Report, as a single figure, how many lines in the records below include "hood".

=== DATA RECORDS ===
════════════════
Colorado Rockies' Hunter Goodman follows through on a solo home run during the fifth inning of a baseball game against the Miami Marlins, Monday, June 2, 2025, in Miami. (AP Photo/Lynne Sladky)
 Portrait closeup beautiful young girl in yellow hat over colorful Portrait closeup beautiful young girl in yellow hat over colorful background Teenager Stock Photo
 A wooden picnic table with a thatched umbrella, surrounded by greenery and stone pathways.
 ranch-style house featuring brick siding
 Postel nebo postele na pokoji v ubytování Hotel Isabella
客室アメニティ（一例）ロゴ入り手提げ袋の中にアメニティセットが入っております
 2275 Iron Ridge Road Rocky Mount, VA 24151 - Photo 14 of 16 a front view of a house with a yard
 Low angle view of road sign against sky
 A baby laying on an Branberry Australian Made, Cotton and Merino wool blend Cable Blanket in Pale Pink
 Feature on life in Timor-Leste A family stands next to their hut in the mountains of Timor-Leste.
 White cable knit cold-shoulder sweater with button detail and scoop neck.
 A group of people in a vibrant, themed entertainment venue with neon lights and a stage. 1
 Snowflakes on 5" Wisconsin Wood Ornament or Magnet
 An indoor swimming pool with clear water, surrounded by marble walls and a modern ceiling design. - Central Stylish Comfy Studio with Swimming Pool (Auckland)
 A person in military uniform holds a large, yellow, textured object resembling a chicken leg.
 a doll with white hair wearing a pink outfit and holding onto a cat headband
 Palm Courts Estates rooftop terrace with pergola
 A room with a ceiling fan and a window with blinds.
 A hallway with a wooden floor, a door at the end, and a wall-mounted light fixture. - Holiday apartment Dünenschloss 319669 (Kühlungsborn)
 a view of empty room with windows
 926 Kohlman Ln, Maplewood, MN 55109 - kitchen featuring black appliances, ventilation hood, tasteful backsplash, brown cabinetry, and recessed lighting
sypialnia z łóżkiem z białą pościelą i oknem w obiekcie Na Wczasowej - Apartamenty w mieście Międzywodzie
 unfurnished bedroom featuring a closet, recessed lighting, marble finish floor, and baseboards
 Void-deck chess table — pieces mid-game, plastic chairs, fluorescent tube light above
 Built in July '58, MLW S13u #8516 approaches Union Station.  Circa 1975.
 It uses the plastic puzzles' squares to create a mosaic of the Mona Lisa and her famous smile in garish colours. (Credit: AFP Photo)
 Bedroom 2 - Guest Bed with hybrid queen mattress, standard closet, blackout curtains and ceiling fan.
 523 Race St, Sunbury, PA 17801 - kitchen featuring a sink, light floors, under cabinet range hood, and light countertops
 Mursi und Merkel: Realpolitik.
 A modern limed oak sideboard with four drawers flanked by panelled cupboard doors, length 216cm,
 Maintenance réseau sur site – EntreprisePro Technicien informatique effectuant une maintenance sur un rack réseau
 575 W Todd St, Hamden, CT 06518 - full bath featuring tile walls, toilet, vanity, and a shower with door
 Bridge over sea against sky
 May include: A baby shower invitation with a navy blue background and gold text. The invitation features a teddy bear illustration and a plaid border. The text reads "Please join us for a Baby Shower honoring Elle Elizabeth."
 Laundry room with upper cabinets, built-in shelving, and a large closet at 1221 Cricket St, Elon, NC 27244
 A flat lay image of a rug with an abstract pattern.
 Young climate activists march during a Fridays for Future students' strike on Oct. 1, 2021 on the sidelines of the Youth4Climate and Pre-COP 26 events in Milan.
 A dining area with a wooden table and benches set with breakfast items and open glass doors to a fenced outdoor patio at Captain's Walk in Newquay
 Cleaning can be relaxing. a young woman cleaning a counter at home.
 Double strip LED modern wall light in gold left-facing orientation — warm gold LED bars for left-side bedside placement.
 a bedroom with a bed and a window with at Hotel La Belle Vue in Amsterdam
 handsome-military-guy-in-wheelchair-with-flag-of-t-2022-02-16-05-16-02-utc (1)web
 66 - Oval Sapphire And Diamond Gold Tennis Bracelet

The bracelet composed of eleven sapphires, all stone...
════════════════
=== YOUR SOLUTION ===
2